Doctoral Thesis: Near-optimal Learning in Sequential Games
Abstract: In the presence of multiple learning agents, sequential decision making problems become sequential games. Instead of finding an optimal policy as in single agent setting, now the learning objective is to find a Nash equilibrium. Just like the other machine learning paradigm, reinforcement learning agents are hungry for data, so sample efficiency is always a key concern. In this thesis, we study one of the most fundamental questions in learning in sequential games:
1.(Lower bound) How many samples are necessary to find a Nash equilibrium in sequential game, no matter what learning algorithm is used?
2.(Upper bound) How to design (computationally) efficient learning algorithms with sharp sample complexity guarantees?
When the upper and lower bounds match each other, (minimax) optimal learning is achieved. In this thesis, we present near-optimal learning results for two kinds of sequential games:
1.Markov games (stochastic games), where all the agents can observe the underlying states.
2.Imperfect-information extensive-form games.

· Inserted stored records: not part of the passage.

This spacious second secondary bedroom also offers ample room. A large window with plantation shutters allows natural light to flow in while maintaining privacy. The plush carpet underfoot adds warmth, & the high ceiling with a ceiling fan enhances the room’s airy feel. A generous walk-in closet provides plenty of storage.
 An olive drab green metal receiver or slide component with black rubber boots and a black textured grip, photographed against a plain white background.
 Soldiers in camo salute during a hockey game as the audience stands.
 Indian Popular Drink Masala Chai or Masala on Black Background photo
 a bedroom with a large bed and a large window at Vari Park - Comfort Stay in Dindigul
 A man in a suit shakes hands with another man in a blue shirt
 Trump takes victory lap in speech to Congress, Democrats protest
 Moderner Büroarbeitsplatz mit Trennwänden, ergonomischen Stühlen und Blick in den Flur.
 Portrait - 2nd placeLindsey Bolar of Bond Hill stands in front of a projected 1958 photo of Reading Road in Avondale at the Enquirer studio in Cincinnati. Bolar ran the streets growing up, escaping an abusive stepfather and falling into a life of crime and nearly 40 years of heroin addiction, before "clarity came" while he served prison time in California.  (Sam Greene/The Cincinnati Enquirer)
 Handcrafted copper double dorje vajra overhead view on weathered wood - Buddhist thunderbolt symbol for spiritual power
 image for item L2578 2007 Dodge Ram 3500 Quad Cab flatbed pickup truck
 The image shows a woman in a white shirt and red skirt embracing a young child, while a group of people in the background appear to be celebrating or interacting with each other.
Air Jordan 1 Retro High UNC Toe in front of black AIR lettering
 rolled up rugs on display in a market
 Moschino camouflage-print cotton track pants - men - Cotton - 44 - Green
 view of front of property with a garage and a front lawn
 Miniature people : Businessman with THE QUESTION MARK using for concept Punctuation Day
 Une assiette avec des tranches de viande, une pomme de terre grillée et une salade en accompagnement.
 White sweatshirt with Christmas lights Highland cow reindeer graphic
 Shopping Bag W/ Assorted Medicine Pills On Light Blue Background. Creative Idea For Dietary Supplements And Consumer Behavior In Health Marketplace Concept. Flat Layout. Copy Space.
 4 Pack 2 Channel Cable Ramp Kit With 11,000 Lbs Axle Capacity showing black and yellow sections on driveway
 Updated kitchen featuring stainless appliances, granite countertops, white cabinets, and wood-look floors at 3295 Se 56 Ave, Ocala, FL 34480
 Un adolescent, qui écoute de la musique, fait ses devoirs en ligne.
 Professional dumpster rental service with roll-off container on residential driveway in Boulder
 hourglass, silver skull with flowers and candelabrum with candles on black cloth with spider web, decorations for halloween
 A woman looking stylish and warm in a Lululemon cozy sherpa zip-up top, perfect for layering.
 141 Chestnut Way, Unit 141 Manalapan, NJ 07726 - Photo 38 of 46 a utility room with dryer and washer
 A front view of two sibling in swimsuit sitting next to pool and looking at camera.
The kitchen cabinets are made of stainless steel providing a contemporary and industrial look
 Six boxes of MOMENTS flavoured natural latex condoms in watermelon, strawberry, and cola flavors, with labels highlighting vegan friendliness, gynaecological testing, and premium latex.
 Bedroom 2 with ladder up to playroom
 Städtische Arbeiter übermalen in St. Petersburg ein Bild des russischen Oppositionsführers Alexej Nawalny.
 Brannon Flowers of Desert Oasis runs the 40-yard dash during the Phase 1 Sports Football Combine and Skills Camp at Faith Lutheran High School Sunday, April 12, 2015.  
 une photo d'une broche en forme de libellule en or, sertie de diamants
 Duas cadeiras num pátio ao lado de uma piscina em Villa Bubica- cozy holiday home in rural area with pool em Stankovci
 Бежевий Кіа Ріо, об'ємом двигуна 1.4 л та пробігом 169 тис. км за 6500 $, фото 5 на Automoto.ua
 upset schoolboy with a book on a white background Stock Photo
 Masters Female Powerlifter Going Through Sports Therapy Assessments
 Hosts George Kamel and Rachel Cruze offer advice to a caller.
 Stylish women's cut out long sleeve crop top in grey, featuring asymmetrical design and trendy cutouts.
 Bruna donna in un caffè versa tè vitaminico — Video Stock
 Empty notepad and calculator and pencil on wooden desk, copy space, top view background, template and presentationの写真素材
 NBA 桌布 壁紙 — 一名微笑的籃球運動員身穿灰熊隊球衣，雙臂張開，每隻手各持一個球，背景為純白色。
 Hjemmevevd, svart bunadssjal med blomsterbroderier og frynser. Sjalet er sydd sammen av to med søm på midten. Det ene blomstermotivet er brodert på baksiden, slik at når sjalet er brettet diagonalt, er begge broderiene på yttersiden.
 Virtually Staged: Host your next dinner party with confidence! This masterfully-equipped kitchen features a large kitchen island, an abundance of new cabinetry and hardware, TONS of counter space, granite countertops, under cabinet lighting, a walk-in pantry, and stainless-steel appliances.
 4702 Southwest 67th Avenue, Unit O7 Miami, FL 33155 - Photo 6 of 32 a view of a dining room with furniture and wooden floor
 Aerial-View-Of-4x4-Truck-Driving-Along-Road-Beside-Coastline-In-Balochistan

Where different agents can have different observations given the same state
To achieve near-optimal learning, a series of novel algorithmic idea and analysis tools will be introduced, such as adaptive estimation uncertainty quantification (bonus design), certified policy, balanced exploration and log-partition function (dual) reformulation, which may be of independent interest.
- Date: Tuesday, February 28
- Time: 2:00 pm - 3:30 pm
- Category: Thesis Defense
- Location: 32-D463 (Star)
Additional Location Details:
Thesis Committee: Prof. Suvrit Sra (Advisor)
Prof. Constantinos Daskalakis, Prof. Chi Jin (Princeton)